- [EXERCISE INSTRUCTIONS]:
Up to and including the line with "Whiteroom + Cactus", restate every line of the records below word for word, from the first line on, leaving out the pictures.

Start of MATERIAL FOR THIS TASK

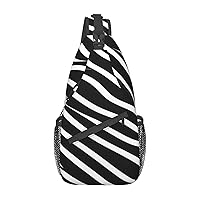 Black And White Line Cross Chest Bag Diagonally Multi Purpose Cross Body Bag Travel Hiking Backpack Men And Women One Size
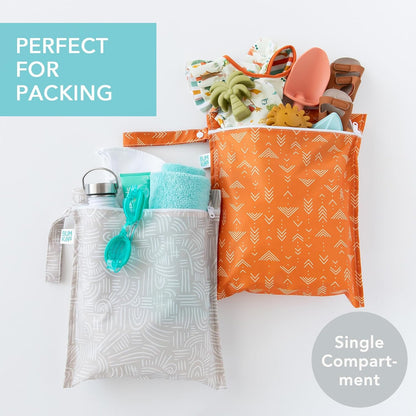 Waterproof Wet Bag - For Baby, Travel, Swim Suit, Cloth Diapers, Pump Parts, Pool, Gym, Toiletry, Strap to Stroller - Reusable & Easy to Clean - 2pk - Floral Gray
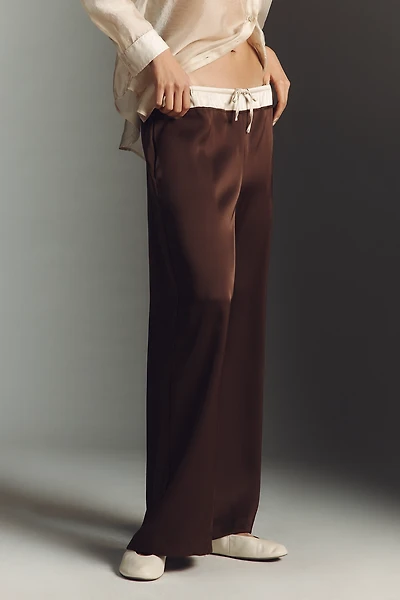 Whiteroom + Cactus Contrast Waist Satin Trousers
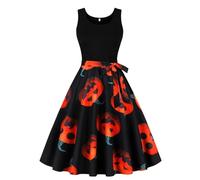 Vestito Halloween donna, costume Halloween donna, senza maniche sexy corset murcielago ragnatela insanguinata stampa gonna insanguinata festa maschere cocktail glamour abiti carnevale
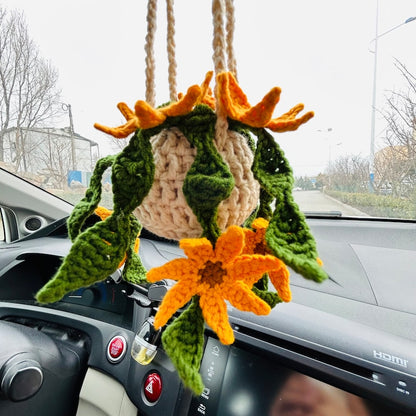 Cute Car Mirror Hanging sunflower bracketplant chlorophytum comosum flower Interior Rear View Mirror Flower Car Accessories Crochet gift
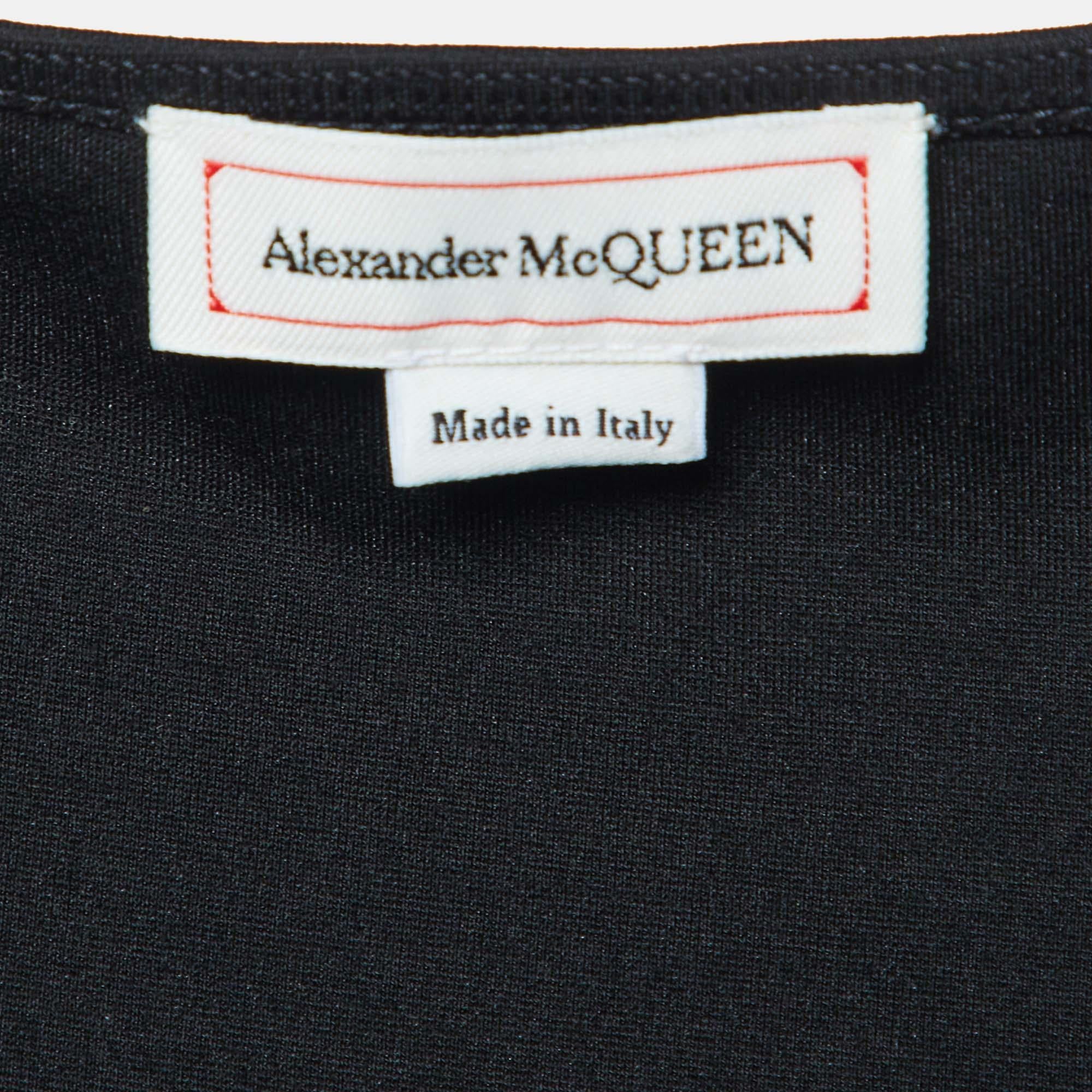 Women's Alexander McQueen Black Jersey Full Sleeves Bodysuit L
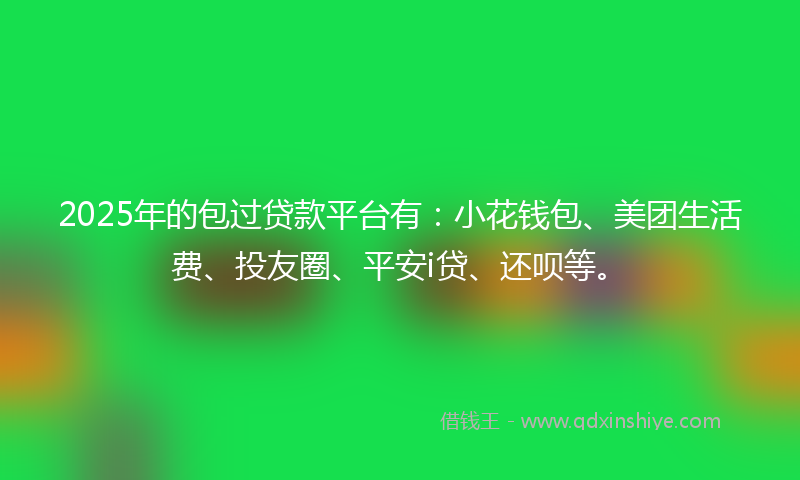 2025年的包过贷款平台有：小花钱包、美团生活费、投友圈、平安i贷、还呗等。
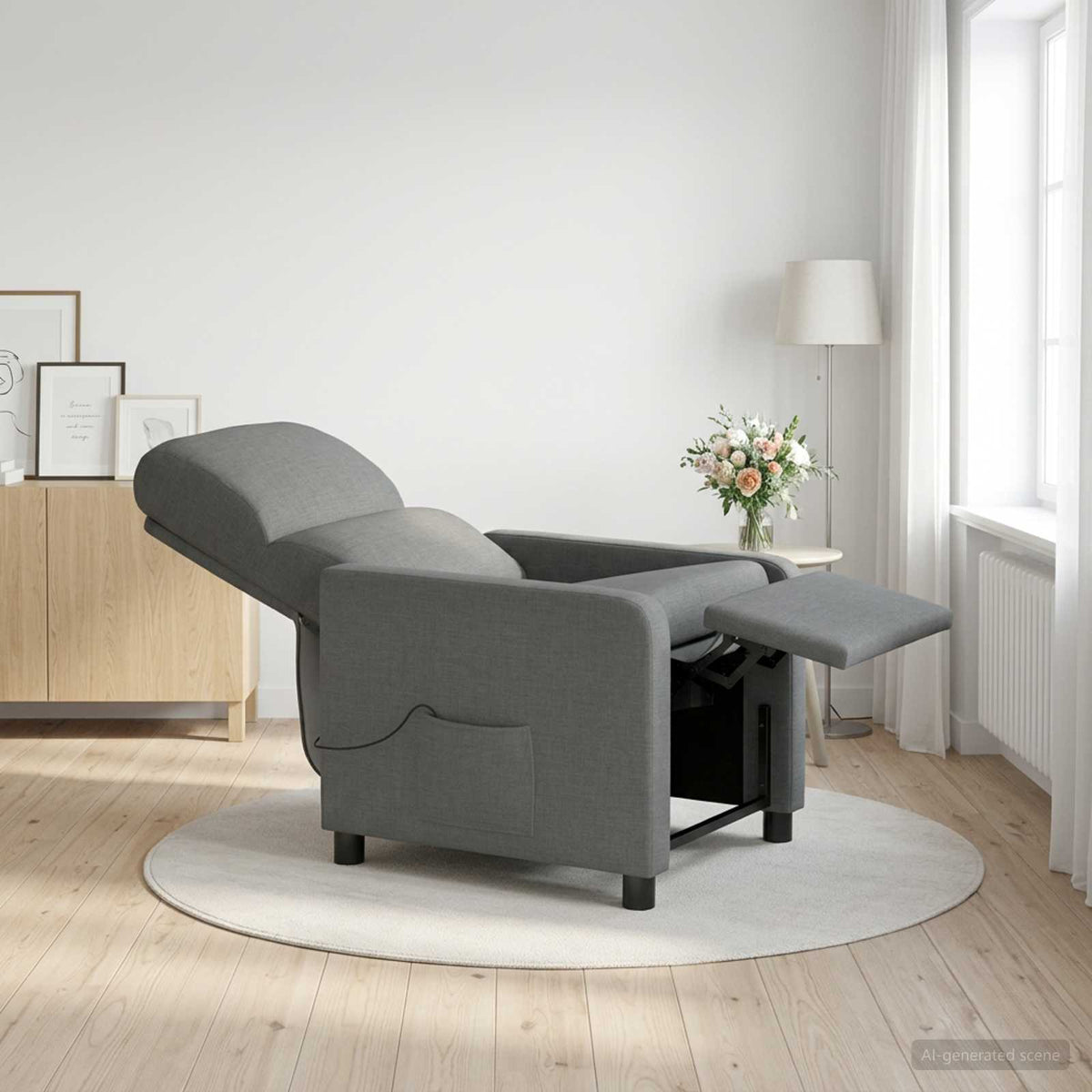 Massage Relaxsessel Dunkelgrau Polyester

End of MATERIAL FOR THIS TASK

- [ANSWER SPACE]:
 Black And White Line Cross Chest Bag Diagonally Multi Purpose Cross Body Bag Travel Hiking Backpack Men And Women One Size
 Waterproof Wet Bag - For Baby, Travel, Swim Suit, Cloth Diapers, Pump Parts, Pool, Gym, Toiletry, Strap to Stroller - Reusable & Easy to Clean - 2pk - Floral Gray
 Whiteroom + Cactus Contrast Waist Satin Trousers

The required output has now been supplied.